In the case of this particular client he has been doing this Ho'oponopono prayer daily for who knows how long but with little relief to his anger and subsequent health issues. We have tried several things but the structure of the ASKING FOR FORGIVENESS was still the same. So with this new method, instead of him being in a "one-down" position and asking for forgiveness he is in a one-up position and is GIVING the forgiveness. For some people it's all about the perceived position and that can make the difference that makes a difference.

When I learn something new, I'm like a kid with a new Tonka truck. I want to see where these things work, where they don't work and what happens when you do it backward or out of order. Yep, I'm that kid who took apart the television while my parents were sleeping.

From a linguistic stand point, my position is that the structure of the Ho'oponopono prayer is grammatically ill-formed. I want to clarify that isn't wrong, actually far from it. In the field of linguistics there isn't a RIGHT or WRONG, there is good and then there is better. The process as it is, has worked, EFFECTIVELY as is for hundreds maybe thousands or years but that doesn't mean that tweaking or customizing it for an individual won't or cannot make it better. I'm about getting results. For those of you who just have to do stuff they way they did 50,000 years ago, just deal with it.
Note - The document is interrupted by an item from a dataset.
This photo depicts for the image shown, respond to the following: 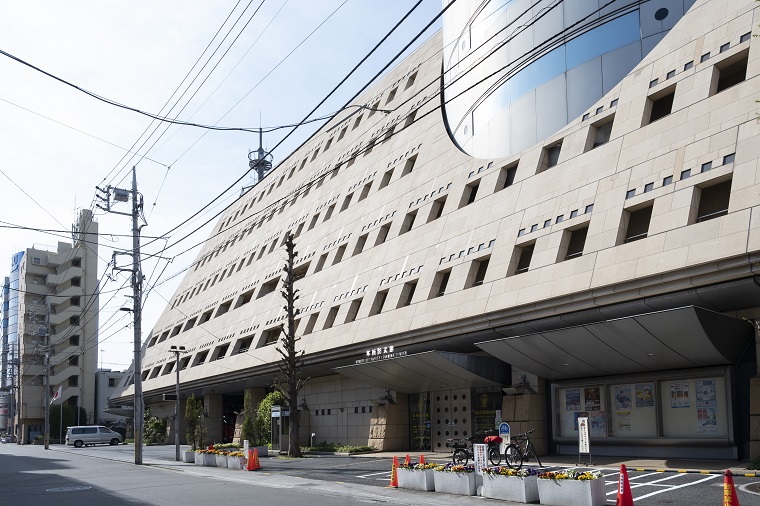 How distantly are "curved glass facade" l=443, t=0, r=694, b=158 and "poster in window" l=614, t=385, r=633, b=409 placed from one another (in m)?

Give this a try and let me know about your results good or otherwise. I feel that we need to be open to modification of "age-old" processes so that we can modify them into a pattern that works with out "modern" understanding of our language. Afterall, it wasn't too long ago that "bad" meant bad as in something other than good, instead of "bad" meaning "good" as it does in today's interpretation of our language.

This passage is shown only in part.